Only one span of the material below is wanted. Output it exactly, from the line with "drewnica turniej wiedzy pożarniczej (4)" through the line with "CALZA DEPORTIVA DE", without any pictures.

[MATERIAL PROVIDED — start]

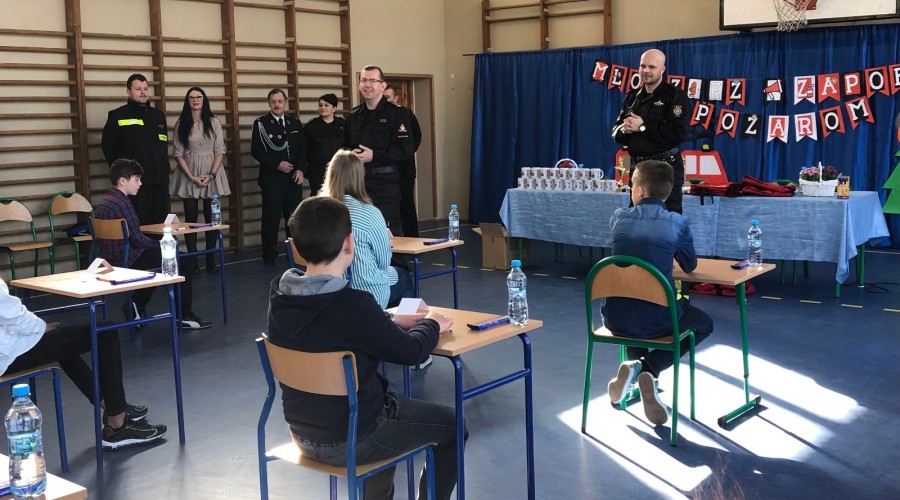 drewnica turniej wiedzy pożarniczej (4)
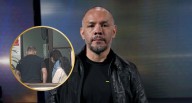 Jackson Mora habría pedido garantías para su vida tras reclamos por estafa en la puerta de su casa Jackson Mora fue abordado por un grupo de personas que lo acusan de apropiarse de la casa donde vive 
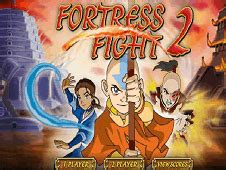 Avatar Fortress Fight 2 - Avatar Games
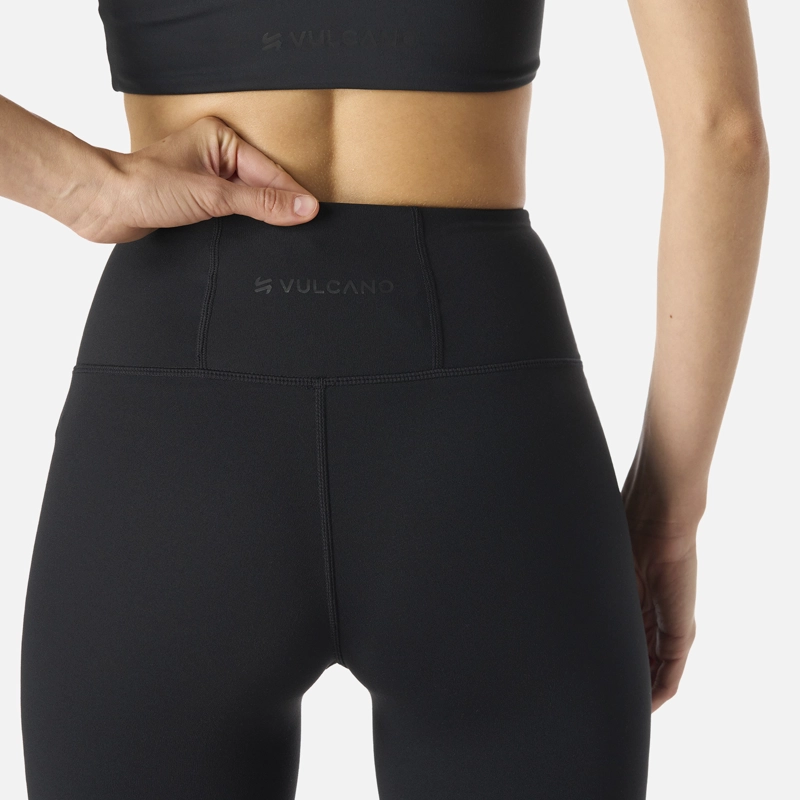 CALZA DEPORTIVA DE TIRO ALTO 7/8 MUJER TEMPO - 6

[MATERIAL PROVIDED — finish]
[MATERIAL PROVIDED — start]

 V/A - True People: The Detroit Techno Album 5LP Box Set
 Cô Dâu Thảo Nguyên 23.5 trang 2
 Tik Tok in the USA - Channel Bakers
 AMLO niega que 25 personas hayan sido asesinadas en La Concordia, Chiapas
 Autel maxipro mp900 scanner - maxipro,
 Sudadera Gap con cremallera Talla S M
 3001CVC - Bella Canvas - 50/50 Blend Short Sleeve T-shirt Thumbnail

[MATERIAL PROVIDED — finish]
[MATERIAL PROVIDED — start]

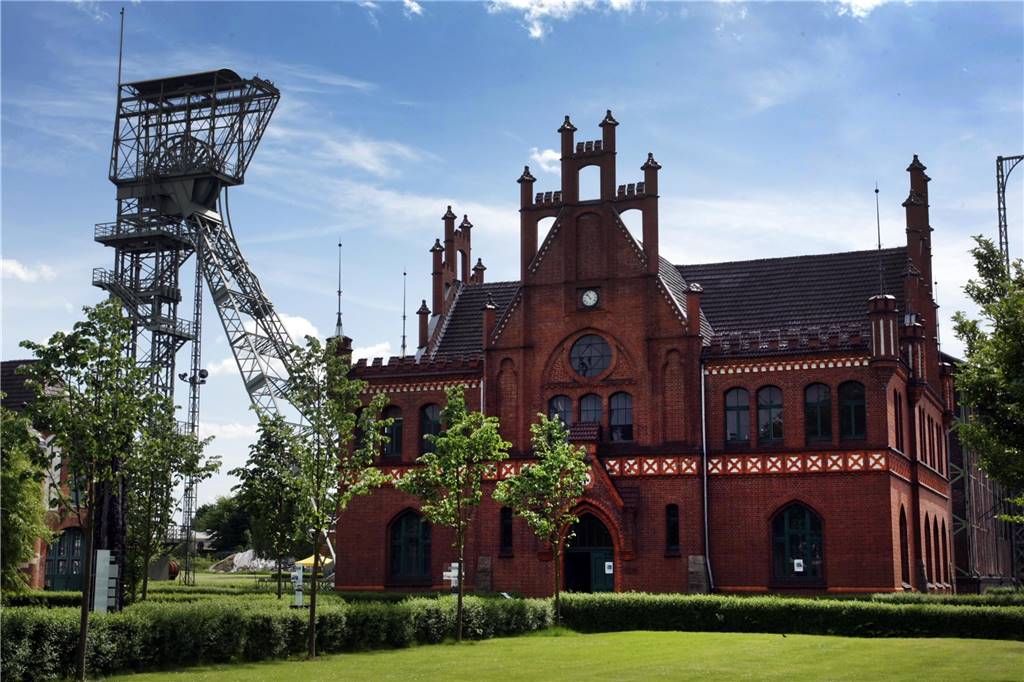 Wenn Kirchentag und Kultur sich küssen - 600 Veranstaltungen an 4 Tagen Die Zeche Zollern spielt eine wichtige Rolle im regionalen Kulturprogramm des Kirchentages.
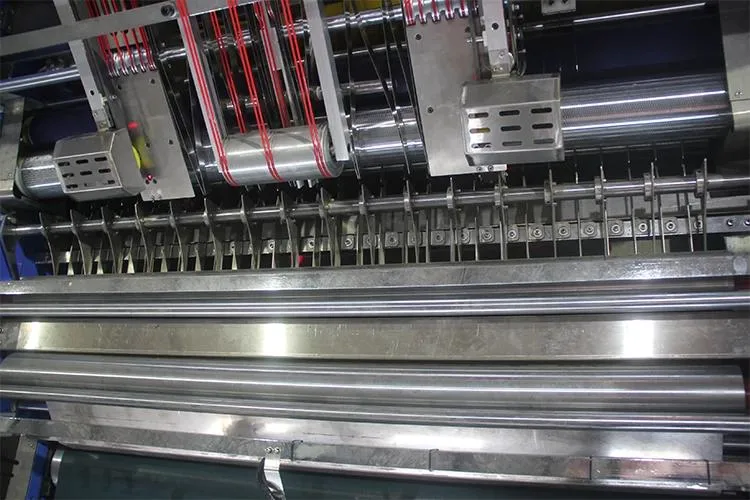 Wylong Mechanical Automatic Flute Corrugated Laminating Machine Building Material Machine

[MATERIAL PROVIDED — finish]

* [ANSWER TO THIS EXERCISE]:
 drewnica turniej wiedzy pożarniczej (4)
 Jackson Mora habría pedido garantías para su vida tras reclamos por estafa en la puerta de su casa Jackson Mora fue abordado por un grupo de personas que lo acusan de apropiarse de la casa donde vive 
 Avatar Fortress Fight 2 - Avatar Games
 CALZA DEPORTIVA DE TIRO ALTO 7/8 MUJER TEMPO - 6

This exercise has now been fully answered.